It was clear from the start of this two-set gig, even before he explained his long-standing love of Stan Getz and Charlie Byrd’s seminal ‘Jazz Samba’ album, that saxophonist Brian Molley was an ideal person to re-interpret this beautiful music, his warmth of tone being much like that of Stan Getz himself.
Molloy’s bandmates too are all established figures on the Scottish Jazz scene and leaders in their own right, and as expected they too did the music ample justice in both ensemble playing and when soloing.

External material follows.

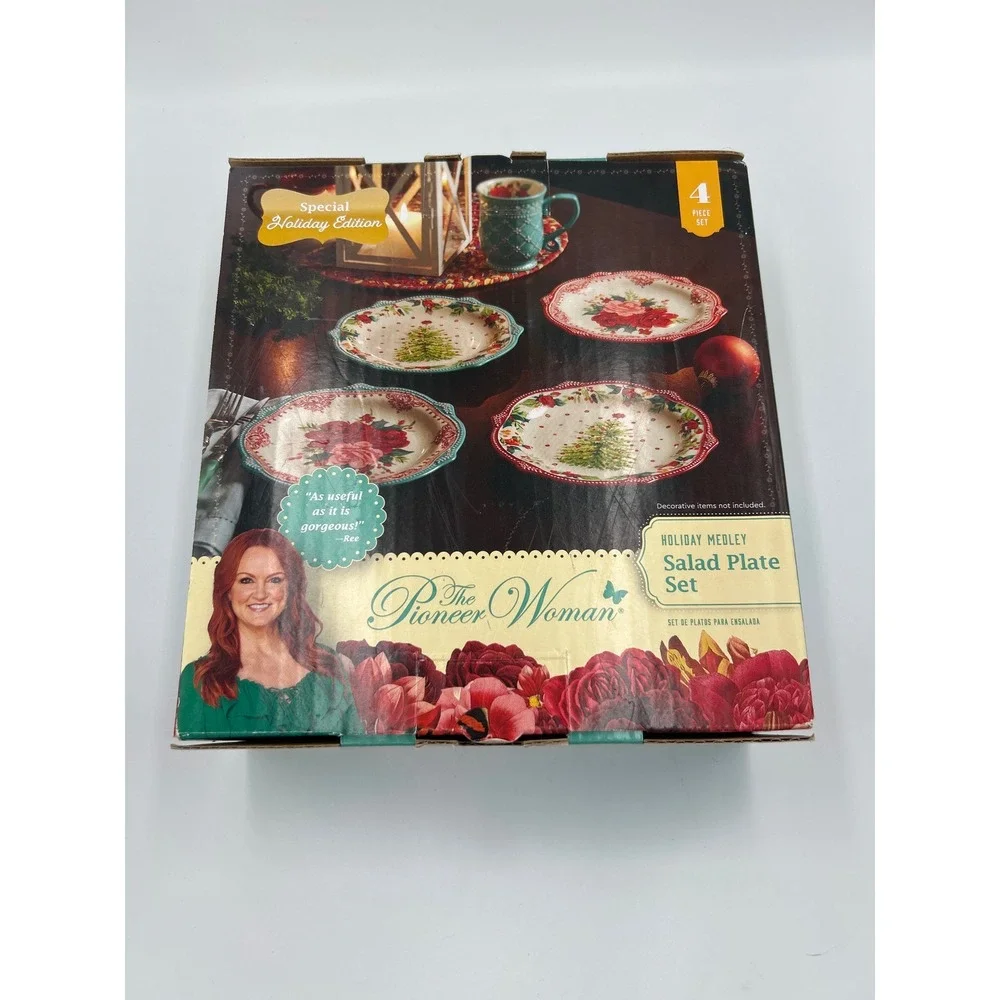 The Pioneer Woman Holiday Medley Salad Plate Set 4 Piece Christmas Tree 8.5 Inch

Bassist Brodie Jarvie took on the role of Ketter Betts and John Byrd in the original recording, confirming he is one of our most able up-and-coming young bassists here in Scotland. Tom Gibbs on piano similarly was hugely impressive, perhaps especially in his solos while exceptional drummer Stu Brown (more on him in another review coming later), sometimes using his hands on the drum kit skins, showed his great ‘multi-cultural’ drumming chops. Guitarist Ross Milligan, taking on Charlie Byrd’s mantle, did so with a deftness that was a great pleasure to witness.
Molloy’s explaining each tune beforehand was very helpful, and his calm, centred persona (one even wonders, is he possibly a practitioner of meditation?) contributed strongly to the overall feeling of serenity, in interesting contrast to the ebullience of the material.

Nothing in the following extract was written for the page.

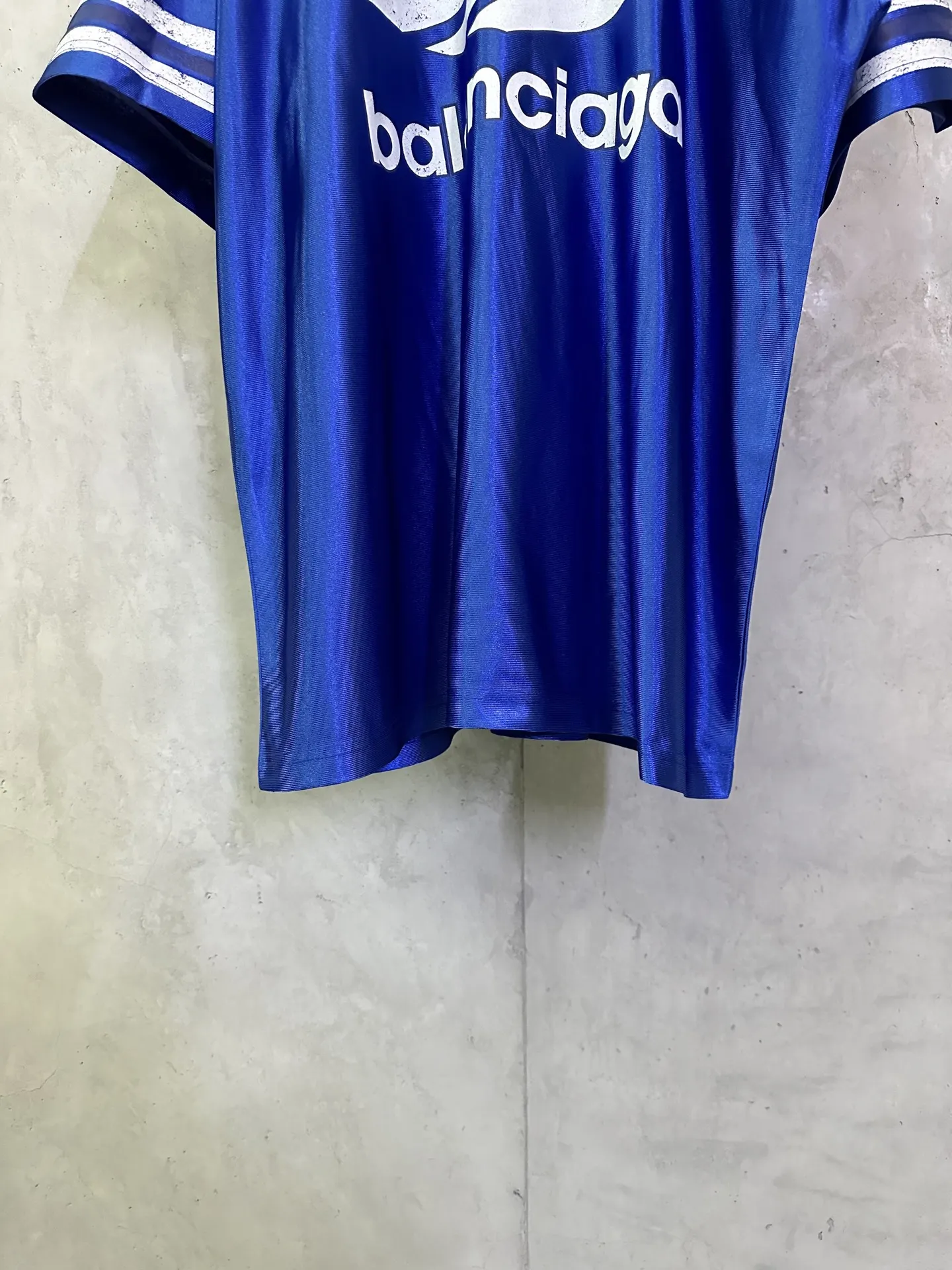 Logo-Embroidered V-Neck Rugby Jersey T-Shirt D22011210 — view 4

In recent times there has seemed to be a widespread and increasing appetite for revisiting musical gems from the past. Whilst this is in general regrettable (as mostly on-the-money music commentator Ted Gioia has expounded lately in his The Honest Broker substack), Molley deserves nothing but applause for these luminous interpretations.
For Molloy is a really great saxophonist, arranger and composer, clearly classically-informed and with a highly attractive, lyrical style and mellifluousness of tone. His latest covid-era album ‘Intercontinental’, in collaboration with Indian Krishna Kishor, is a gem. Wouldn’t it be wonderful if the music played tonight could be recorded too, for posterity?